Start of Study material

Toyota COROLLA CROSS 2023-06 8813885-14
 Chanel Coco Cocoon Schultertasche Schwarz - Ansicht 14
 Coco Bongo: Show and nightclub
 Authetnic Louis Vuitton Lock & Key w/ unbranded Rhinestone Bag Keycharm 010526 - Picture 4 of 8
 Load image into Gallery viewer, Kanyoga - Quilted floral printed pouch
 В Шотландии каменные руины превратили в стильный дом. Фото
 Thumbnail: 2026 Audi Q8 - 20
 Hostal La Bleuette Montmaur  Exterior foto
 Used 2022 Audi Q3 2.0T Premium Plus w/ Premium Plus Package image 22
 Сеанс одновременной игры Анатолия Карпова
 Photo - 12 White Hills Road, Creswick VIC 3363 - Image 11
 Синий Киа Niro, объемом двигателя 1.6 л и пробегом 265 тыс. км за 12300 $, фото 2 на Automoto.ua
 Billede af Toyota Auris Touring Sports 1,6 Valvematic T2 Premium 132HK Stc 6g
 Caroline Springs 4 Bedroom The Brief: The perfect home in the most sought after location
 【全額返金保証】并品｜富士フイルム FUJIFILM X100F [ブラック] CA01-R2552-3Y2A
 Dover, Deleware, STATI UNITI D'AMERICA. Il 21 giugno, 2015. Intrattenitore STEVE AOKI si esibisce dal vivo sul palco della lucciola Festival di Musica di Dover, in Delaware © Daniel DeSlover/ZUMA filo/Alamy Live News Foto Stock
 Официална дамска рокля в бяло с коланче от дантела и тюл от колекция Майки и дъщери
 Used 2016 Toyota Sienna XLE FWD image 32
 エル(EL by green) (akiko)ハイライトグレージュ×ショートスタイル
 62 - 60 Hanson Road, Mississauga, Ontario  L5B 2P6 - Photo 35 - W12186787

End of Study material

__What to do__
Using the entries above, give again exactly the lines from the line holding "Chanel Coco Cocoon" through the line holding "Сеанс одновременной игры Анатолия Карпова". Include both end lines and nothing else.

__Task result__
 Chanel Coco Cocoon Schultertasche Schwarz - Ansicht 14
 Coco Bongo: Show and nightclub
 Authetnic Louis Vuitton Lock & Key w/ unbranded Rhinestone Bag Keycharm 010526 - Picture 4 of 8
 Load image into Gallery viewer, Kanyoga - Quilted floral printed pouch
 В Шотландии каменные руины превратили в стильный дом. Фото
 Thumbnail: 2026 Audi Q8 - 20
 Hostal La Bleuette Montmaur  Exterior foto
 Used 2022 Audi Q3 2.0T Premium Plus w/ Premium Plus Package image 22
 Сеанс одновременной игры Анатолия Карпова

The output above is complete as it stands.